臨也の言葉は抑揚がなく、感情は読み取れない。
「じゃあもう俺に関わるな」
声を掛けるな。目を合わせるな。体に触れるな。
静雄はきつい眼差しで臨也を睨みつけた。
「去る者は追わないんだろう?」
そう言って、静雄は臨也に背を向ける。木の葉の絨毯を踏み締めて、早足に歩き出した。
「待ちなよ」
強引に腕を掴まれ、振り向かされる。そのまま木に背中を押し付けられた。驚いた静雄に、葉がハラハラと舞い落ちる。
「な、」
抗議の声は唇を重ねられ、塞がれた。あっという間に唇から舌が入り込み、蹂躙される。慌てて臨也の肩を押しやろうとするけど、その前に手を掴まれてしまう。
「シズちゃん」
やがて唇を離し、臨也の口から出た声は酷く真剣だった。静雄はその声色に、動揺する。
「もう無理なんだ」
「何が…」
静雄の声は、掠れて低い。
「初めてキスをした時から、俺は止まらなくなってたよ」
自嘲するように、臨也は口端を歪める。その赤い双眸は、真っ直ぐに静雄の目を見つめていた。

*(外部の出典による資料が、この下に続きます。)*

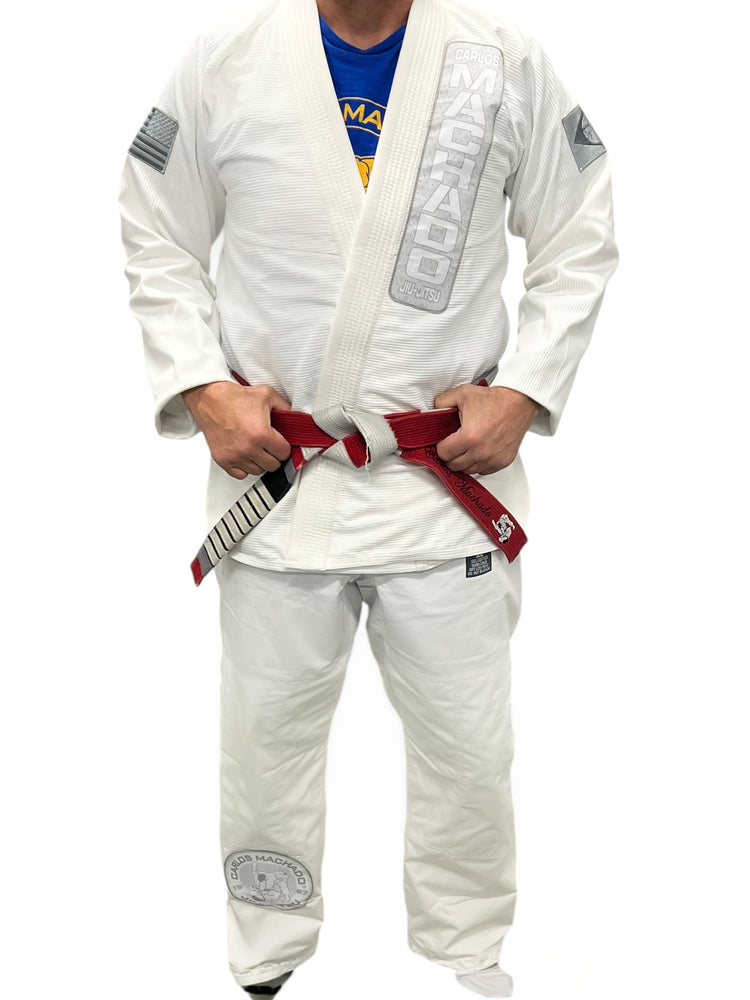 Academy CMJJ Gi 2.0 - White - CMJJ Gear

「シズちゃんを抱きたくて抱きたくて仕方がなかった。毎日毎日シズちゃんのことばかり考えていたよ。滑稽だろう?多分俺は最初から、      」
臨也の最後の言葉は囁くように伝えられる。
静雄はそれを、ただ目を見開いて聞いていた。瞬きもせず。
木の葉がハラハラと静雄の髪に舞い落ちる。赤や黄色の色彩が、視界を覆う。
臨也の手が伸びて、静雄の体を抱き寄せた。静雄の髪から葉がハラリと足元に落下する。静雄はそれを目の端に捉えながら、臨也の肩口に額を押し付けた。
それが静雄の精一杯の答えだった。




静雄は屋上の校舎の影でぼんやりと空を見上げていた。外は風が強く、雲の流れも早い。
バタバタと走り去る足音がして、静雄はそちらへ振り返った。茶髪の女生徒が怒った形相で、屋上の扉から出て行くのが見える。
「終わったのか」
「まあね」
臨也は口端を吊り上げて笑い、静雄の方へとやって来た。
「一発くらい殴られてやれよ」
「有り得ない」
静雄の言葉に、臨也は芝居がかった態度で肩を竦めた。
「好きでもないのに付き合ってやったんだから感謝されるべきだろう?」
「…お前は本当に最低な野郎だ」
心底呆れたように言う静雄に、臨也は僅かに首を傾げて笑う。
「でもシズちゃんはそんな俺が好きなんだよね」
「死ね」
赤くなって悪態をつく静雄に、臨也は声を上げて笑った。